(Stored items)
_ _ _ _ _
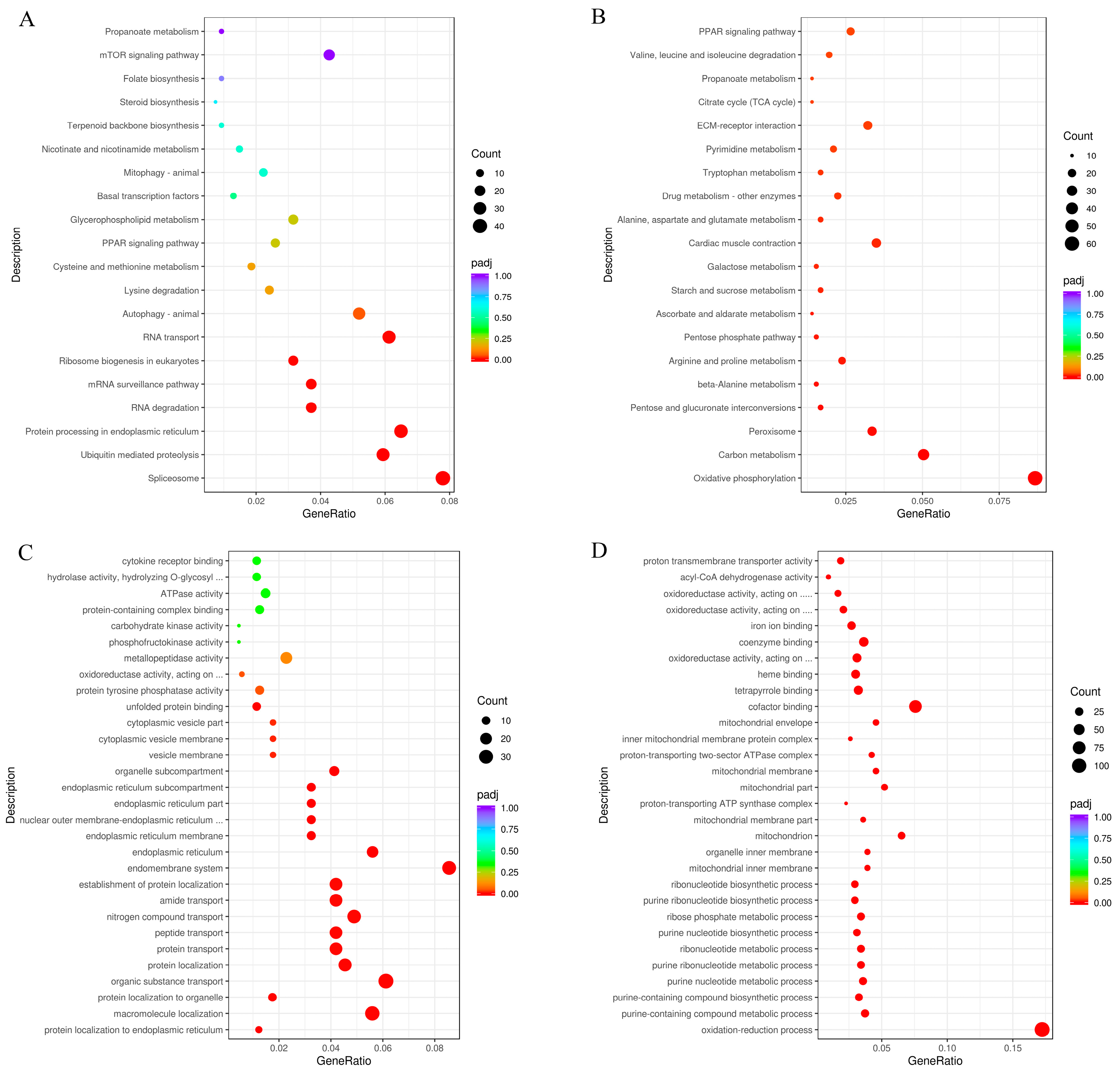 Animals 15 03272 g005 Animals 15 03272 g005
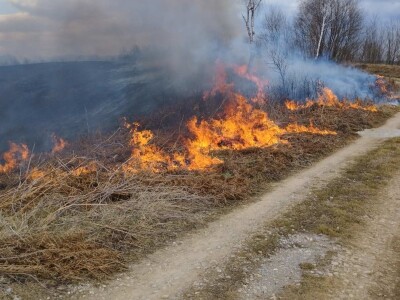 Požar između Barilovića i Krnjaka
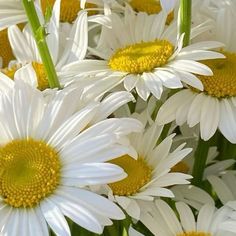 white and yellow flowers with green stems in the foreground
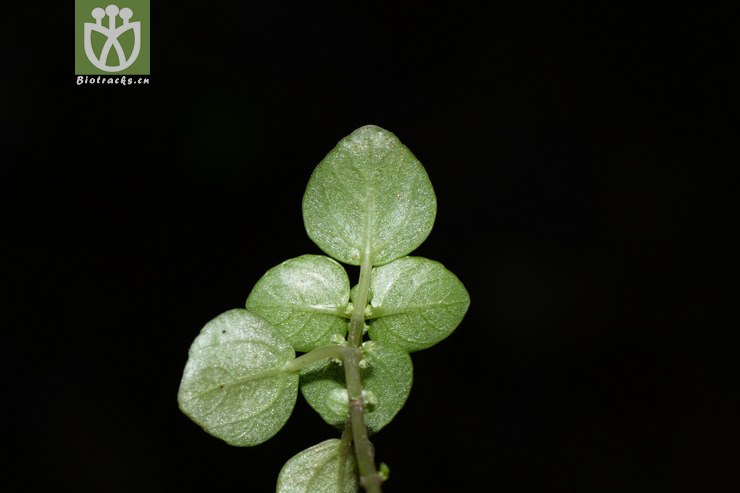 cavaleriei石油菜【hg】2015-07-13xx-zj(6 相邻时间拍摄的照片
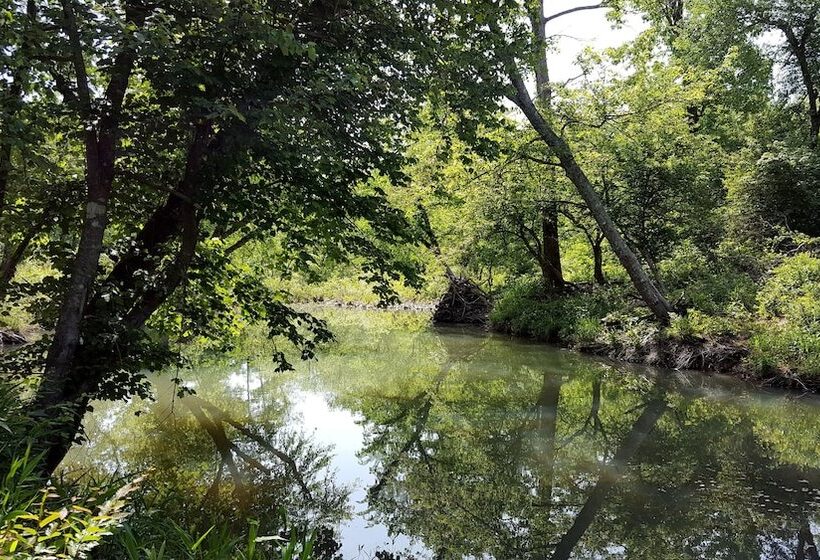Sierra Escape Cabin With Fire Pit And Charcoal Grill By Redawning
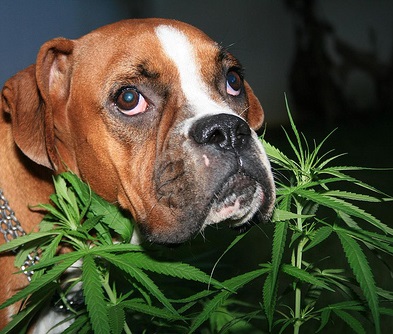 signs-cats-dogs-marijuana.jpeg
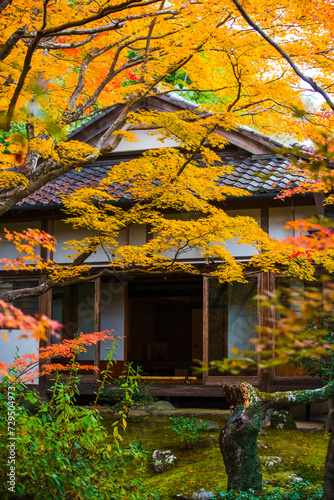 Autumn foliage in Kyoto.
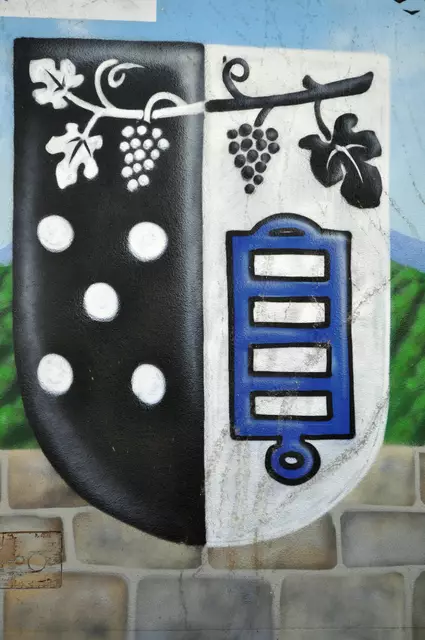 Das Stadtwappen als Graffiti | Foto: Daniela Somers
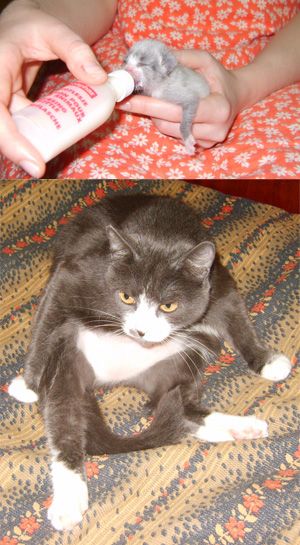 Когда я был котёнком: коты воссоздают свои детские фото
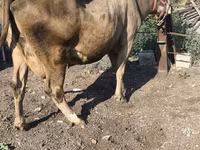 Vaca, Raza Alatau — foto 4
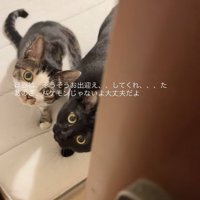 ドアノブを掴む飼い主の指と横並びになって飼い主を見上げる2匹の猫
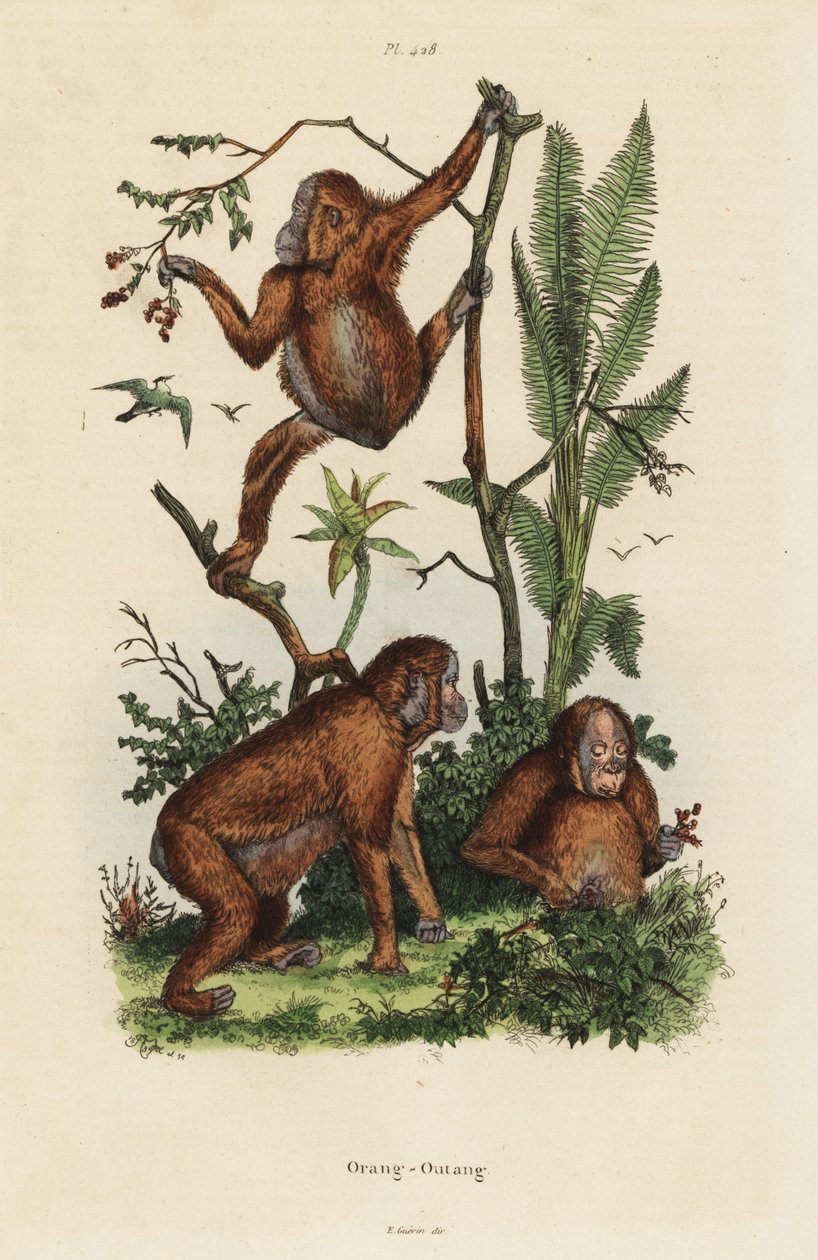 Bornean-orangutanger, Pongo pygmaeus av Unbekannt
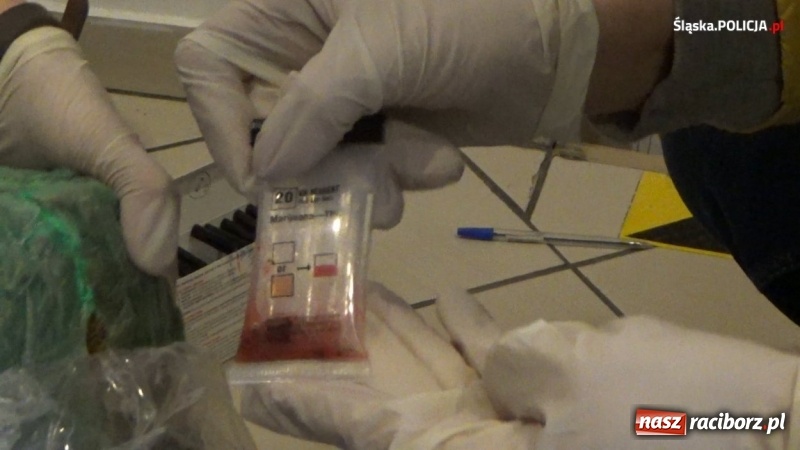 Zdjęcie w galerii na portalu naszraciborz.pl: Śląska policja uderzyła w gangi pseudokibiców. W tle narkotyki [FOTO i WIDEO] wiadomości z regionu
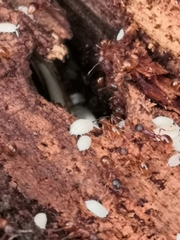 Platyarthrus hoffmannseggii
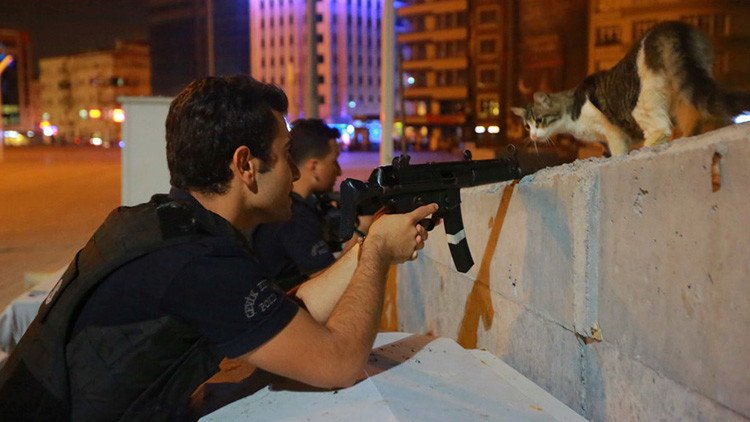 La mascota del golpe: La foto de un gato conquista Internet durante la intentona golpista en Turquía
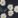 Classic Navy Wild Daisies, color 2 of 2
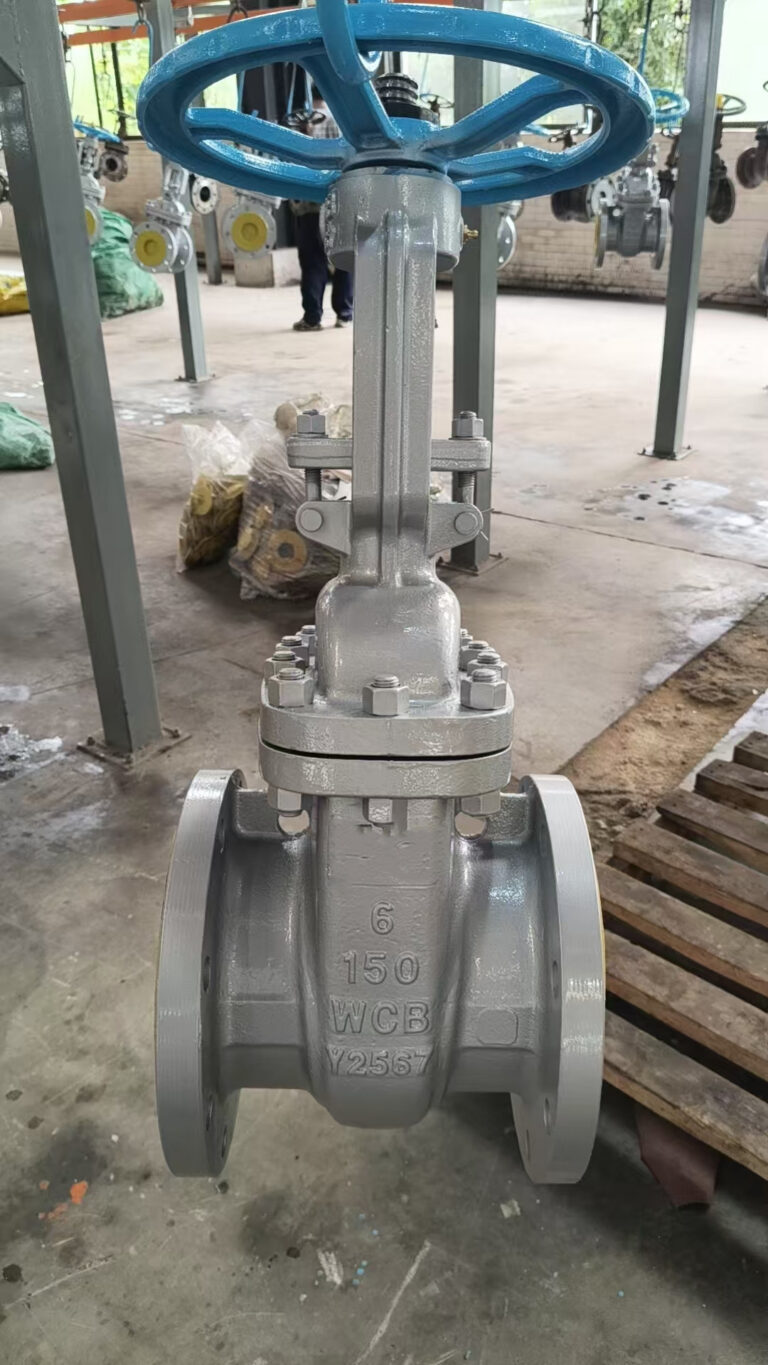 API 600 Gate Valve Paint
_ _ _ _ _
== TASK ITEM ==
Return only the lines from the one containing "cavaleriei石油菜【" through the last line of the entries above, exactly as written and without pictures.

== WRITTEN ANSWER ==
 cavaleriei石油菜【hg】2015-07-13xx-zj(6 相邻时间拍摄的照片
Sierra Escape Cabin With Fire Pit And Charcoal Grill By Redawning
 signs-cats-dogs-marijuana.jpeg
 Autumn foliage in Kyoto.
 Das Stadtwappen als Graffiti | Foto: Daniela Somers
 Когда я был котёнком: коты воссоздают свои детские фото
 Vaca, Raza Alatau — foto 4
 ドアノブを掴む飼い主の指と横並びになって飼い主を見上げる2匹の猫
 Bornean-orangutanger, Pongo pygmaeus av Unbekannt
 Zdjęcie w galerii na portalu naszraciborz.pl: Śląska policja uderzyła w gangi pseudokibiców. W tle narkotyki [FOTO i WIDEO] wiadomości z regionu
 Platyarthrus hoffmannseggii
 La mascota del golpe: La foto de un gato conquista Internet durante la intentona golpista en Turquía
 Classic Navy Wild Daisies, color 2 of 2
 API 600 Gate Valve Paint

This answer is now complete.